Exercise -
Omit every picture and output the rest of the records exactly as they are.

Short text fragments from websites
════
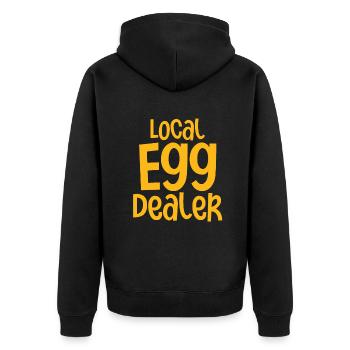 Lokaler Eierhändler Hühnerbesitzer Züchter - Unisex Premium Bio Zip Hoodie - Schwarz - Hinten - Nico (187cm)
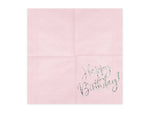 Servietten "Happy Birthday" 20Stk./33x33cm | Rosa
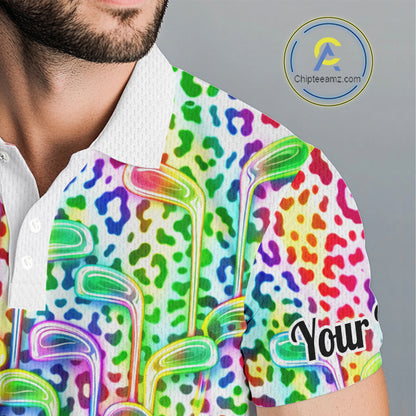Mens Golf Polo Shirts Colorful Neon Watercolor Leopard Custom Name White Golf Shirts NBT509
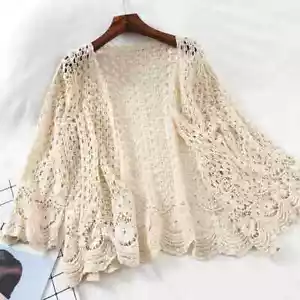 Open Lace Cardigan Crocheted Hollow Out Shrug Female Casual White Flower Floral - Picture 1 of 26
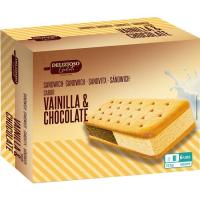 Sandwich de vainilla-chocolate  DELIZIOSO GELATO, pack 6x100 ml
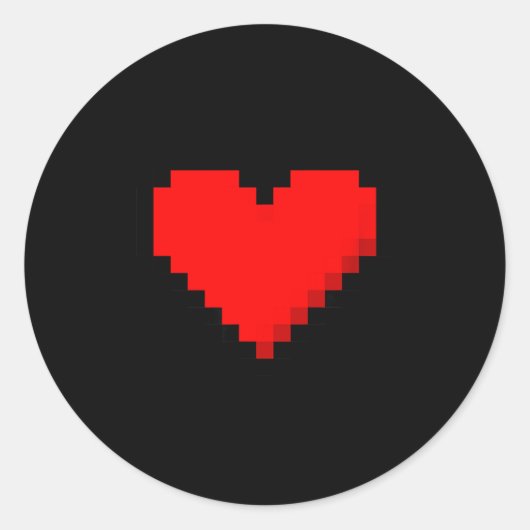 8 Bit Heart Retro Valentines Day Xel Artwork Ronde Sticker (Voorkant)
════
Expected answer -
 Lokaler Eierhändler Hühnerbesitzer Züchter - Unisex Premium Bio Zip Hoodie - Schwarz - Hinten - Nico (187cm)
 Servietten "Happy Birthday" 20Stk./33x33cm | Rosa
Mens Golf Polo Shirts Colorful Neon Watercolor Leopard Custom Name White Golf Shirts NBT509
 Open Lace Cardigan Crocheted Hollow Out Shrug Female Casual White Flower Floral - Picture 1 of 26
 Sandwich de vainilla-chocolate  DELIZIOSO GELATO, pack 6x100 ml
 8 Bit Heart Retro Valentines Day Xel Artwork Ronde Sticker (Voorkant)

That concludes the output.